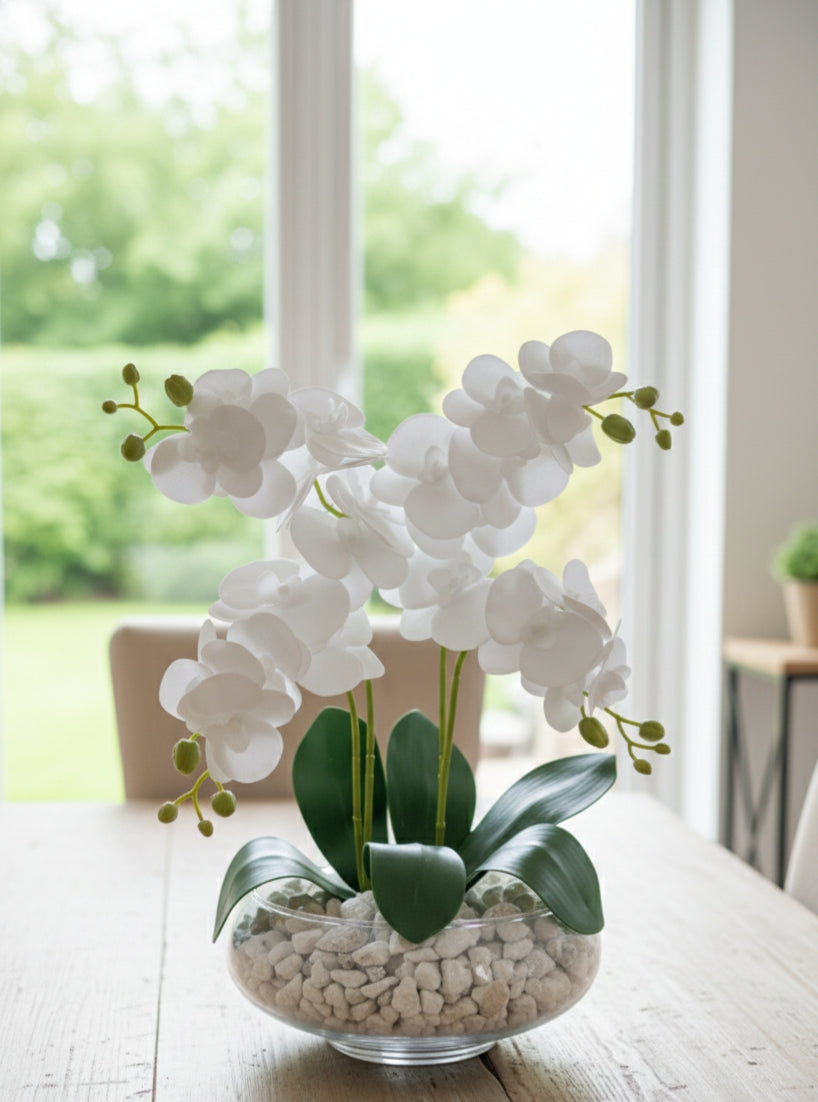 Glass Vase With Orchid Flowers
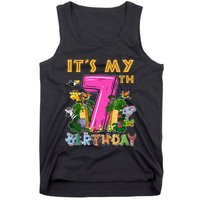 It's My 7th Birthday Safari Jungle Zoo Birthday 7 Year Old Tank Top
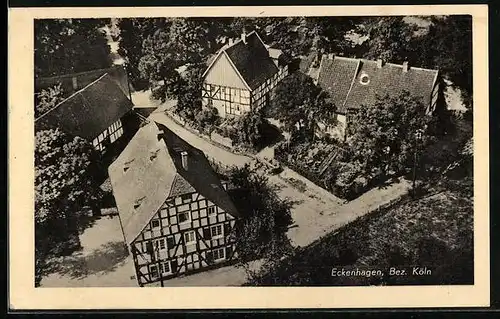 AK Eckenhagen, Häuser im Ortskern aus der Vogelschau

::::::

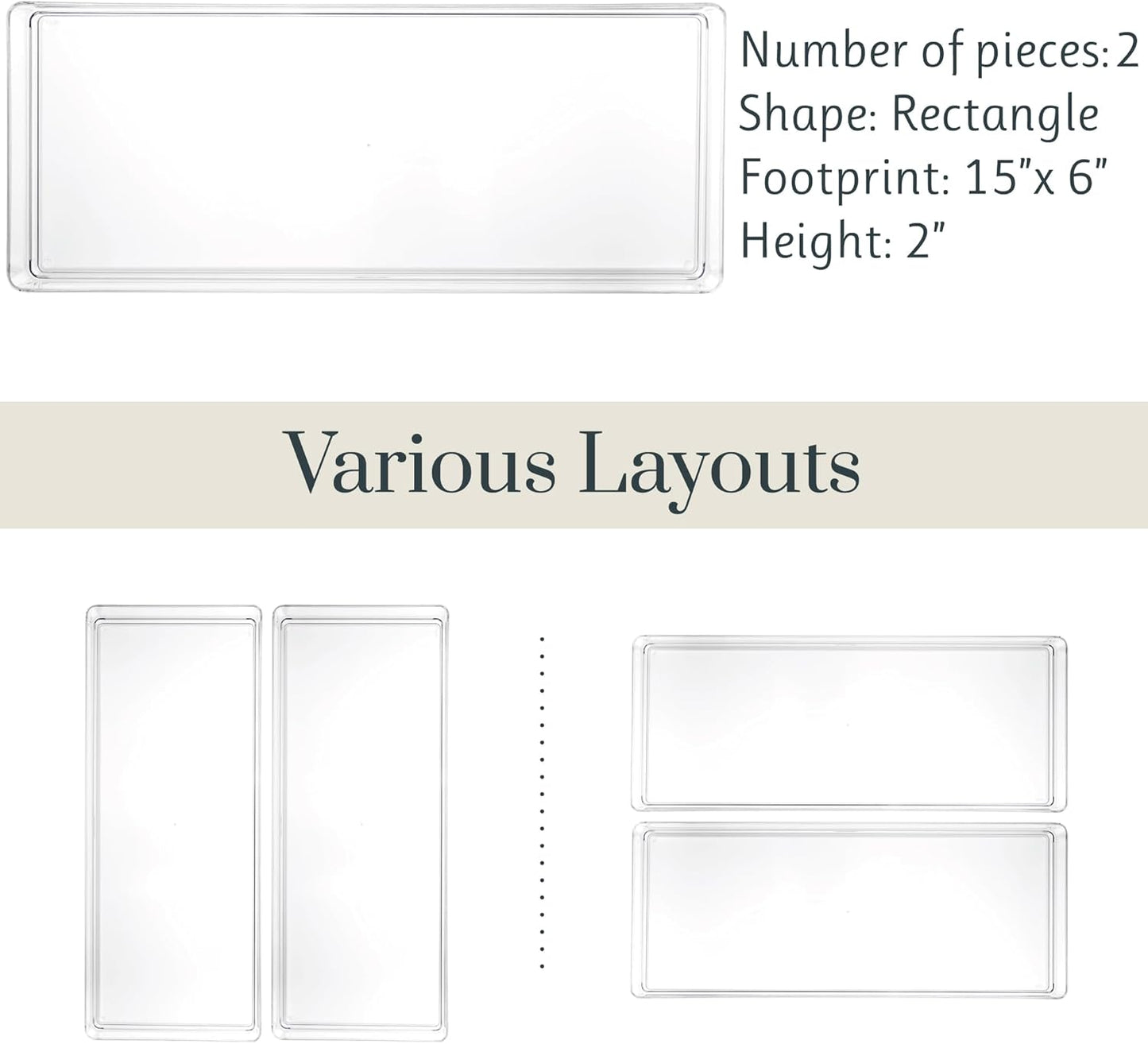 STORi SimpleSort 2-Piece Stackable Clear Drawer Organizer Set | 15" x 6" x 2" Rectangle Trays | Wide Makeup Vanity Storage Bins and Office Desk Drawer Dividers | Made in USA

::::::

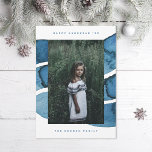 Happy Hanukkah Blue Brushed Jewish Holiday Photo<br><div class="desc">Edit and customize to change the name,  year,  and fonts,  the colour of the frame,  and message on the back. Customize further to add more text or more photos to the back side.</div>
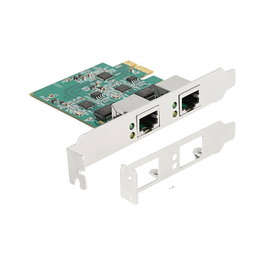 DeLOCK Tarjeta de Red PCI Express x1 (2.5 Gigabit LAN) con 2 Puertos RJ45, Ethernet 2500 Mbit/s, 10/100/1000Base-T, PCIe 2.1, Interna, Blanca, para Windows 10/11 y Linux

::::::

Could you output exactly the lines above, from the line with "Glass Vase With Orchid Flowers" up to and including the line with "AK Eckenhagen, Häuser", and nothing else, skipping the pictures?

* **Reply to the task**:
 Glass Vase With Orchid Flowers
 It's My 7th Birthday Safari Jungle Zoo Birthday 7 Year Old Tank Top
 AK Eckenhagen, Häuser im Ortskern aus der Vogelschau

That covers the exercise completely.